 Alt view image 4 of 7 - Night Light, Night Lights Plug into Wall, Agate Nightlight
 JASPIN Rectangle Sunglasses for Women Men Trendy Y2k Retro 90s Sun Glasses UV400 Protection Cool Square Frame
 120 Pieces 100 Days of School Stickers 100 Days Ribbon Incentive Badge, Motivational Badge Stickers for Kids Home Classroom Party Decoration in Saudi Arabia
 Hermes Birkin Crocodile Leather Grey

---

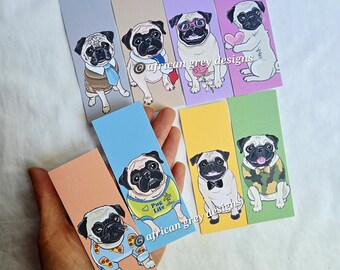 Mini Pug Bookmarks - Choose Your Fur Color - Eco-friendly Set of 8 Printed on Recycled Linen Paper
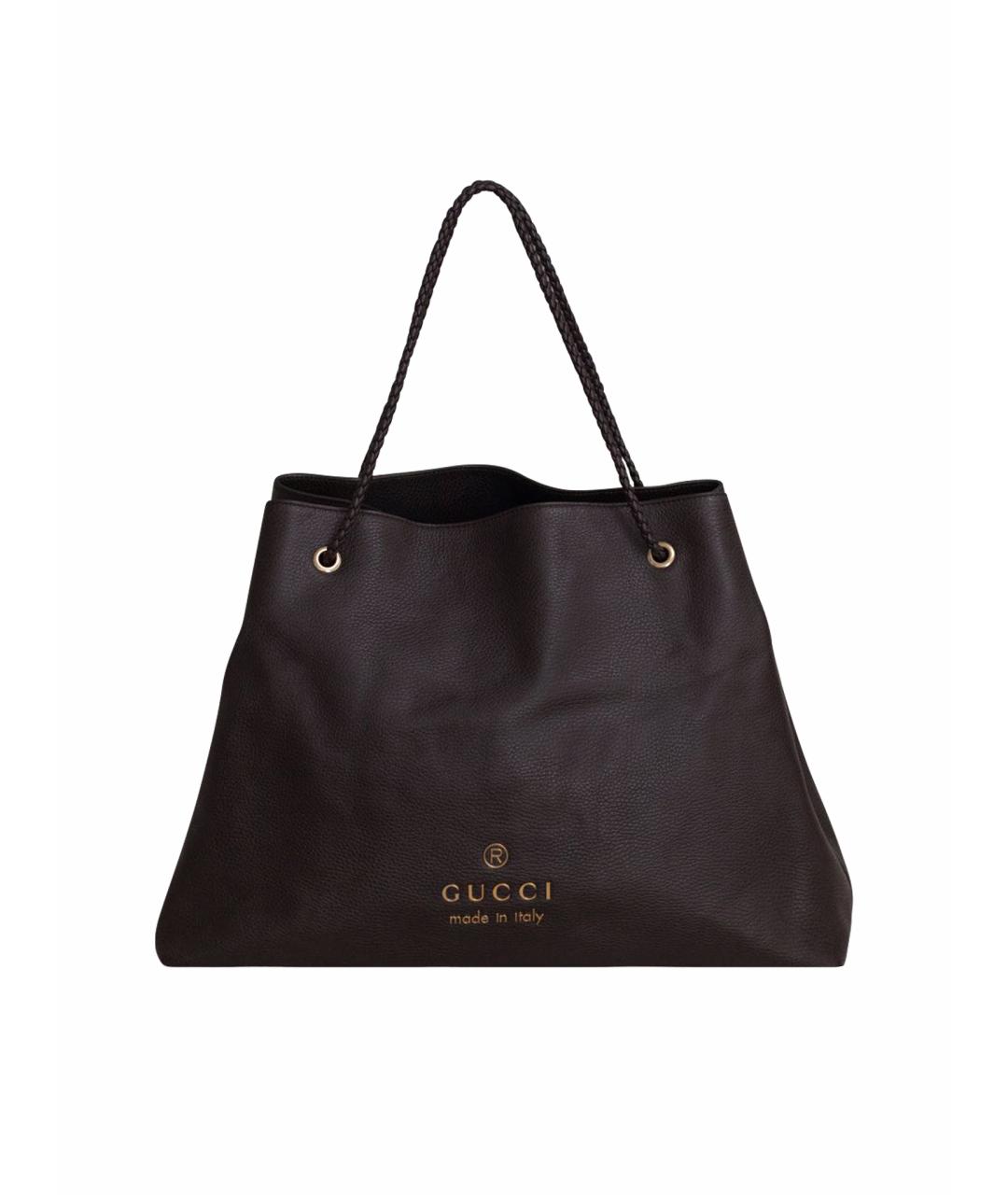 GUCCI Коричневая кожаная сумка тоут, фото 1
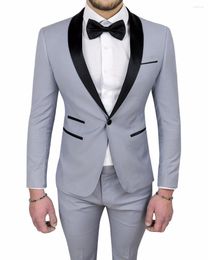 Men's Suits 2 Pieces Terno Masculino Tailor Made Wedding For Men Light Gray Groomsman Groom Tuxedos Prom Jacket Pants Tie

* * *

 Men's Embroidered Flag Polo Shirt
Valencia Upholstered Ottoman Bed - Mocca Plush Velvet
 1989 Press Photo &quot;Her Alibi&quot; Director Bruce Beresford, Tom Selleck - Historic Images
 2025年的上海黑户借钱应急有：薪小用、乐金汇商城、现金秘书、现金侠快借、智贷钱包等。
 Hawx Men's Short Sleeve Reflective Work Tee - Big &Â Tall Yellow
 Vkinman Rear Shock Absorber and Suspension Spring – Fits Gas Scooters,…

Exercise aim
Scan the lines above for "JASPIN Rectangle Sunglasses" and for "Hermes Birkin Crocodile Leather Grey". Repeat exactly the line holding each of them and every line in between.

Response to this task
 JASPIN Rectangle Sunglasses for Women Men Trendy Y2k Retro 90s Sun Glasses UV400 Protection Cool Square Frame
 120 Pieces 100 Days of School Stickers 100 Days Ribbon Incentive Badge, Motivational Badge Stickers for Kids Home Classroom Party Decoration in Saudi Arabia
 Hermes Birkin Crocodile Leather Grey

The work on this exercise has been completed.